→ **EXERCISE BRIEF**
Exact copy, no pictures: take the lines of the listing below from the first through the one containing "Masterpiece Jingdezhen Wucai".

[Start of section]

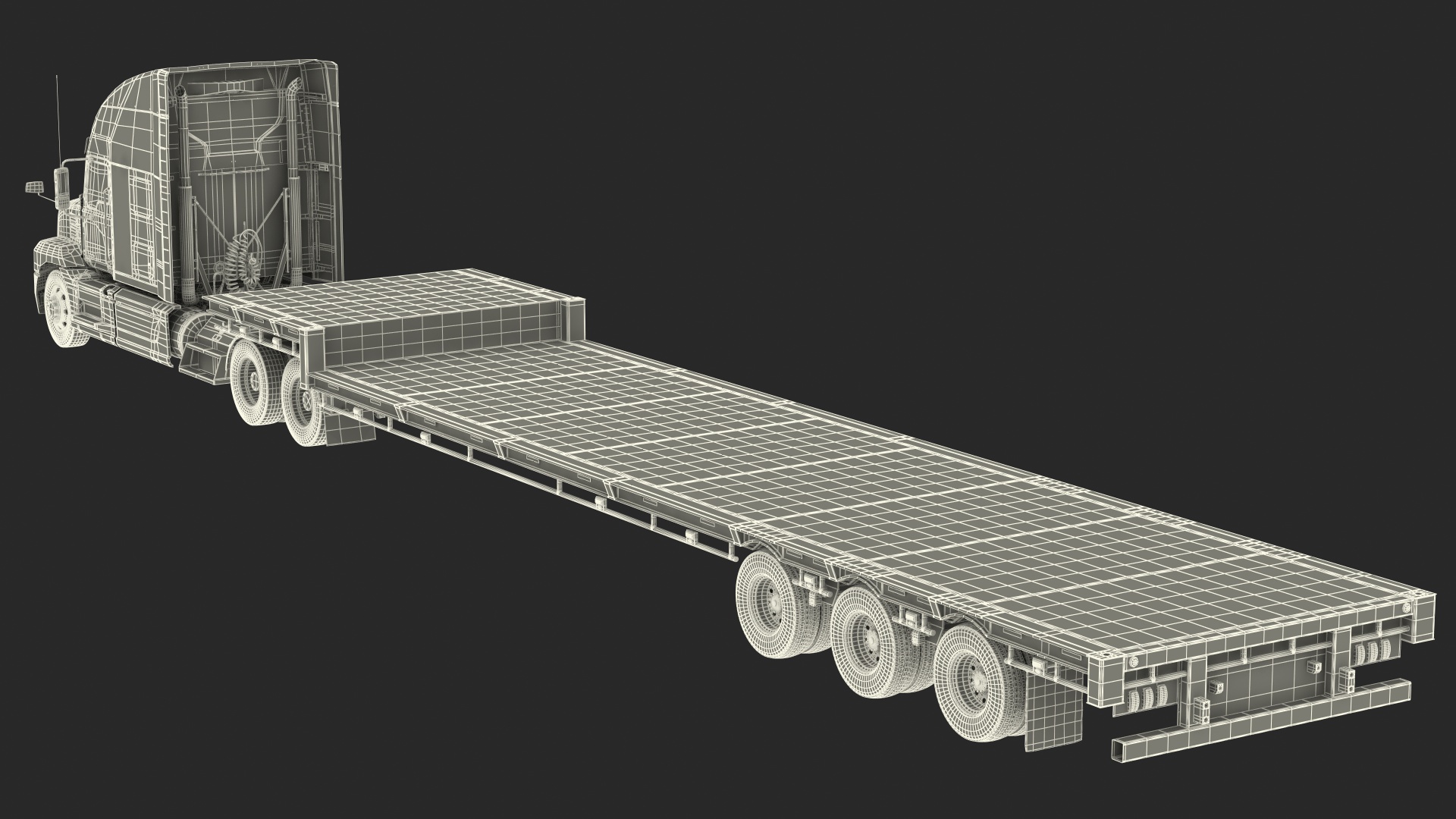 Mack Anthem Truck with Single Drop Tri Axle Extendable Trailer 3D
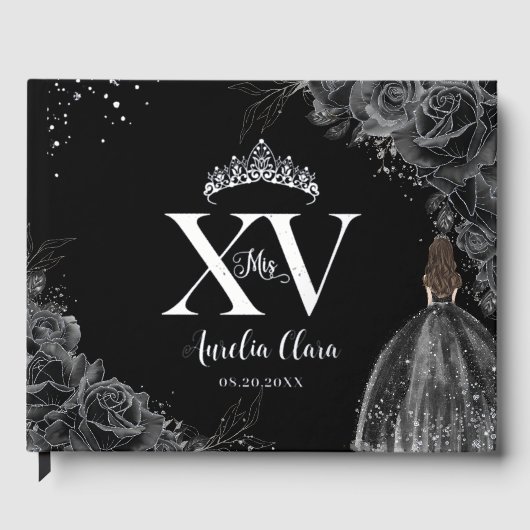 Robe Florale Rose noire fille en argent Quinceañer (Recto)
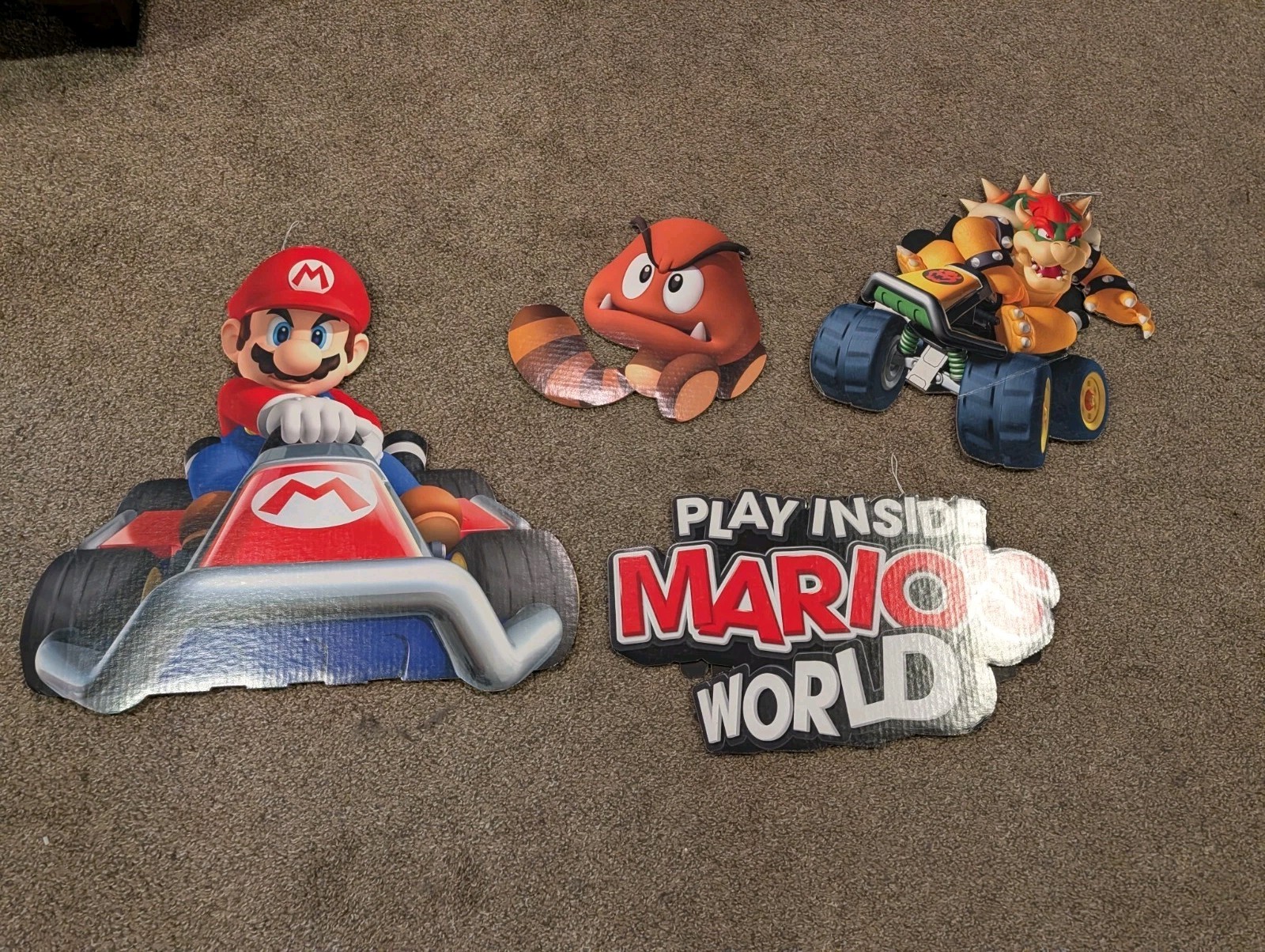 Vtg Mario’s World Set Lot Sign Cardboard Vintage Advertisement Promotional 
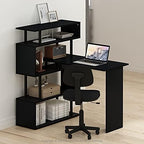 Furinno Classic Desk, 40" Wide L-Shape Gaming Desk, Computer Desk, Writing Desk with 5-Tier S-Shaped Side Shelves for Home Office, Study Room, Dorm, Bedroom, Americano - Image 2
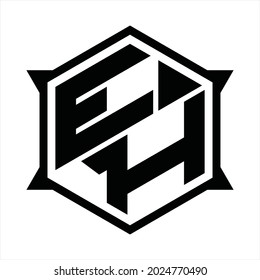 EH Logo monogram with hexagon and sharp shape design template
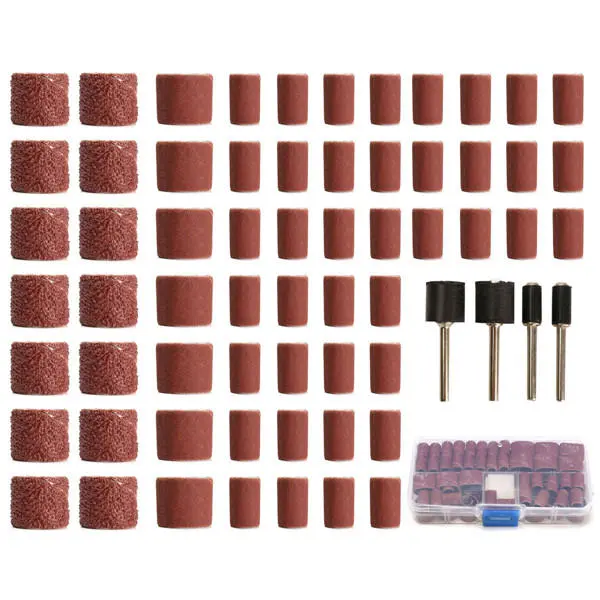 Dremel Drum Sanding Kit - 100pcs 60/120/320 Grit with 1/2 & 1/4 Inch Mandrels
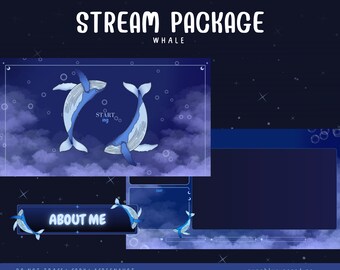 Wal-Streaming-Overlay – Animiertes Stream-Bundle – Twitch – Overlay – niedlich – Ozean
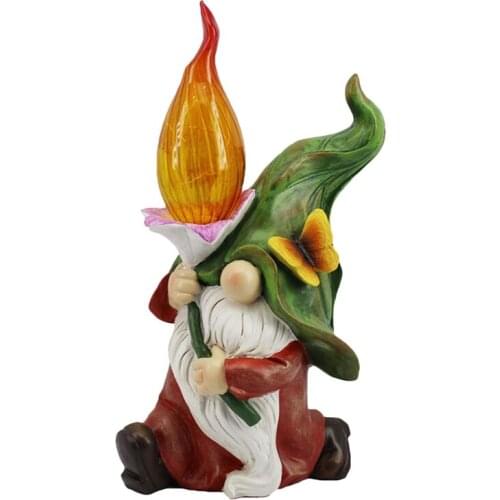 Garden Gnomes Ornaments Resin Gnome Statue with Solar Lamp Outdoor Decorative Light Craft Garden Decoration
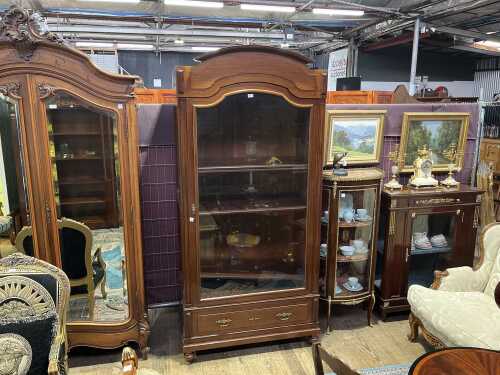 Antique French walnut bookcase or display cabinet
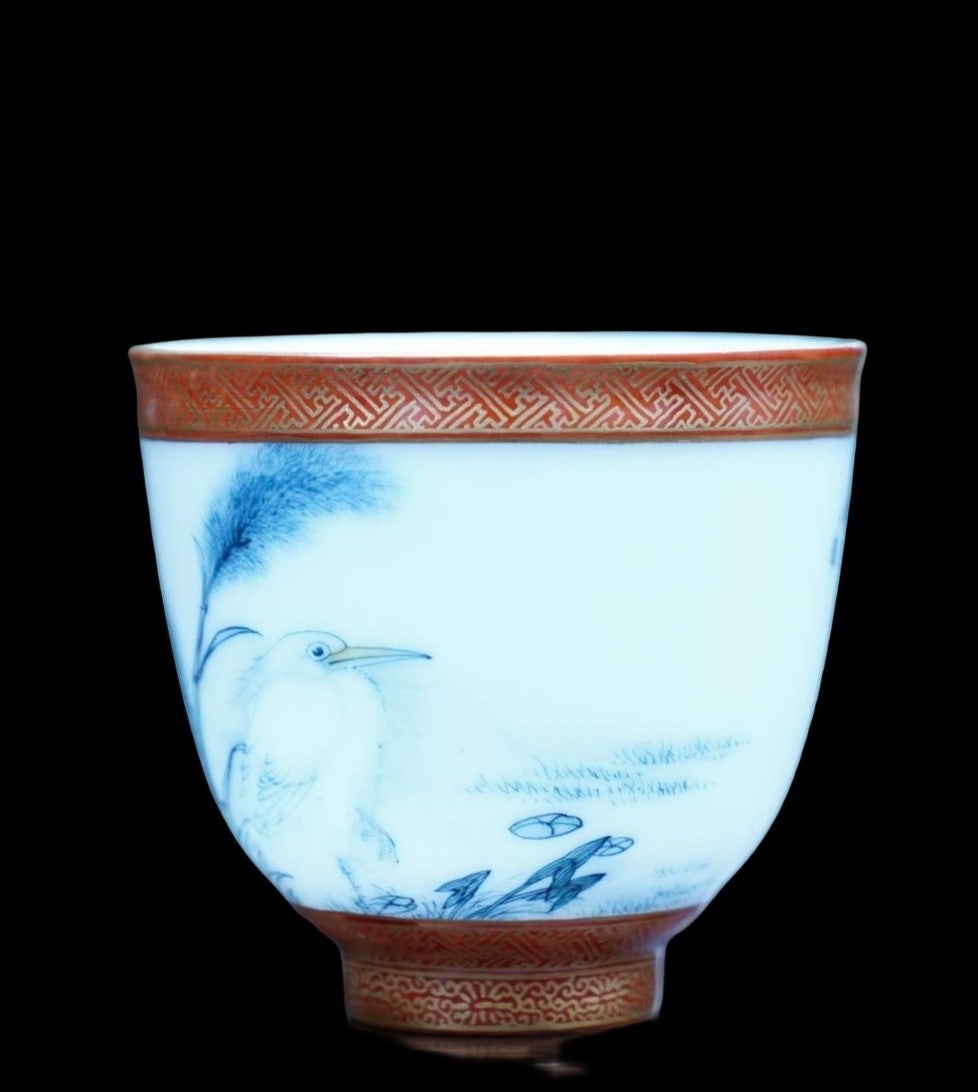 Masterpiece Jingdezhen Wucai Porcelain Gold Banded Wucai Prosperity Teacup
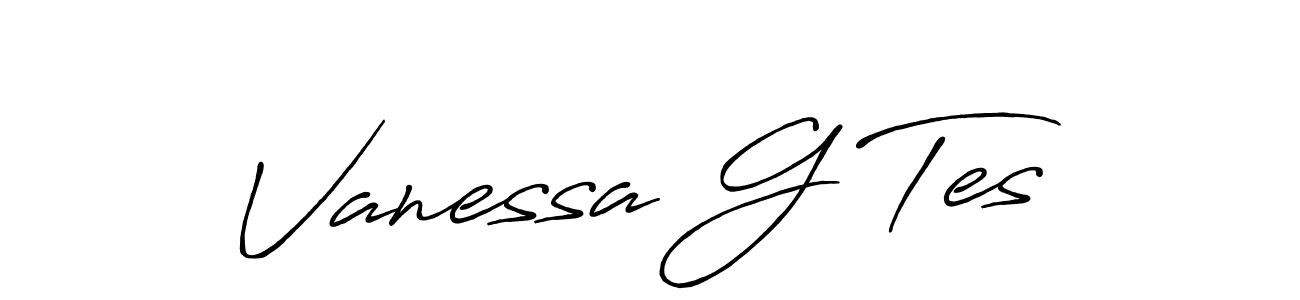 Antro_Vectra_Bolder is a professional signature style that is perfect for those who want to add a touch of class to their signature. It is also a great choice for those who want to make their signature more unique. Get Vanessa G Tes name to fancy signature for free. Vanessa G Tes signature style 7 images and pictures png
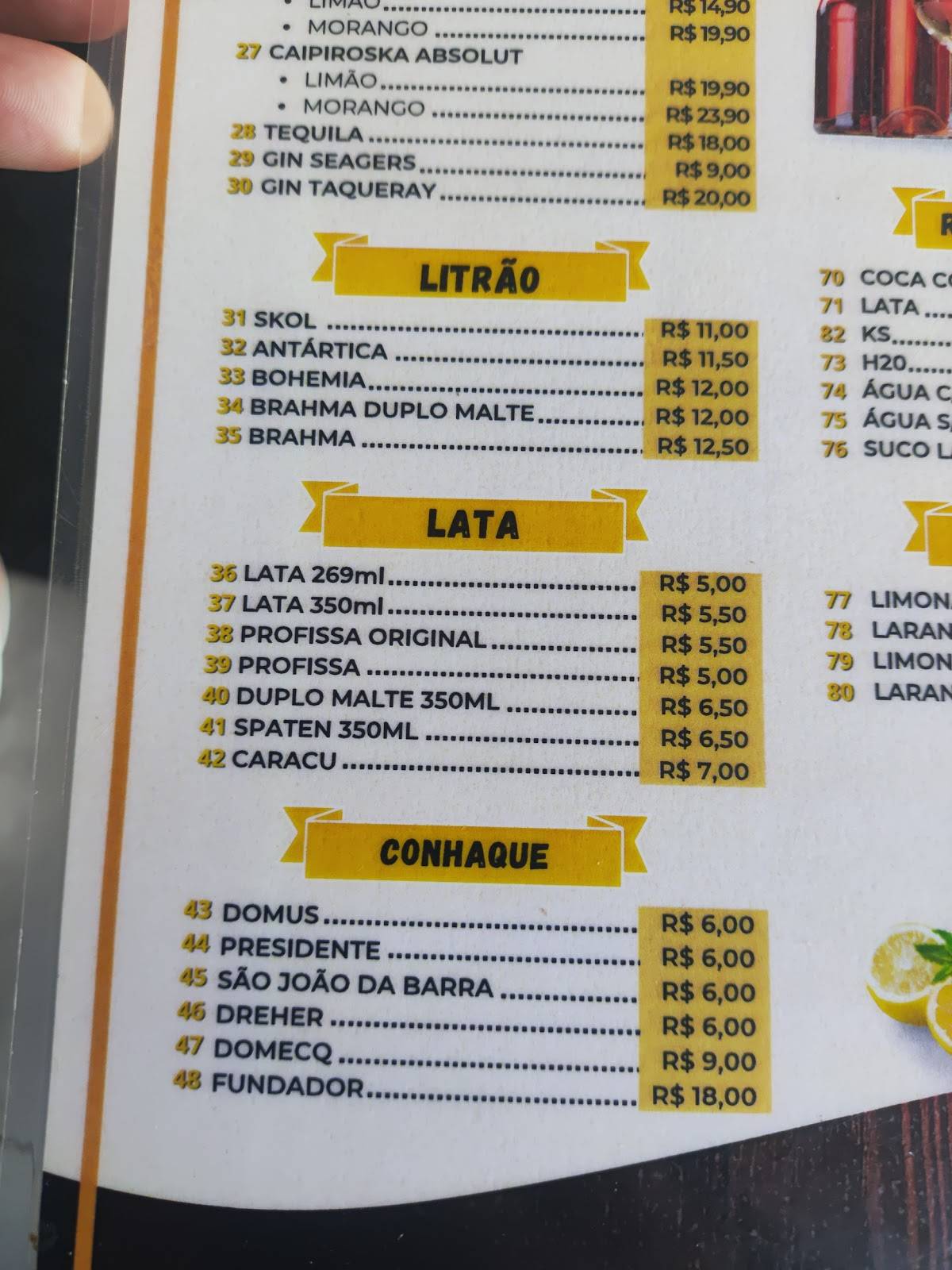 Bar do Galego cardápio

[End of section]

→ **ANSWER TO THE PROBLEM**
 Mack Anthem Truck with Single Drop Tri Axle Extendable Trailer 3D
 Robe Florale Rose noire fille en argent Quinceañer (Recto)
 Vtg Mario’s World Set Lot Sign Cardboard Vintage Advertisement Promotional 
 Furinno Classic Desk, 40" Wide L-Shape Gaming Desk, Computer Desk, Writing Desk with 5-Tier S-Shaped Side Shelves for Home Office, Study Room, Dorm, Bedroom, Americano - Image 2
 EH Logo monogram with hexagon and sharp shape design template
 Dremel Drum Sanding Kit - 100pcs 60/120/320 Grit with 1/2 & 1/4 Inch Mandrels
 Wal-Streaming-Overlay – Animiertes Stream-Bundle – Twitch – Overlay – niedlich – Ozean
 Garden Gnomes Ornaments Resin Gnome Statue with Solar Lamp Outdoor Decorative Light Craft Garden Decoration
 Antique French walnut bookcase or display cabinet
 Masterpiece Jingdezhen Wucai Porcelain Gold Banded Wucai Prosperity Teacup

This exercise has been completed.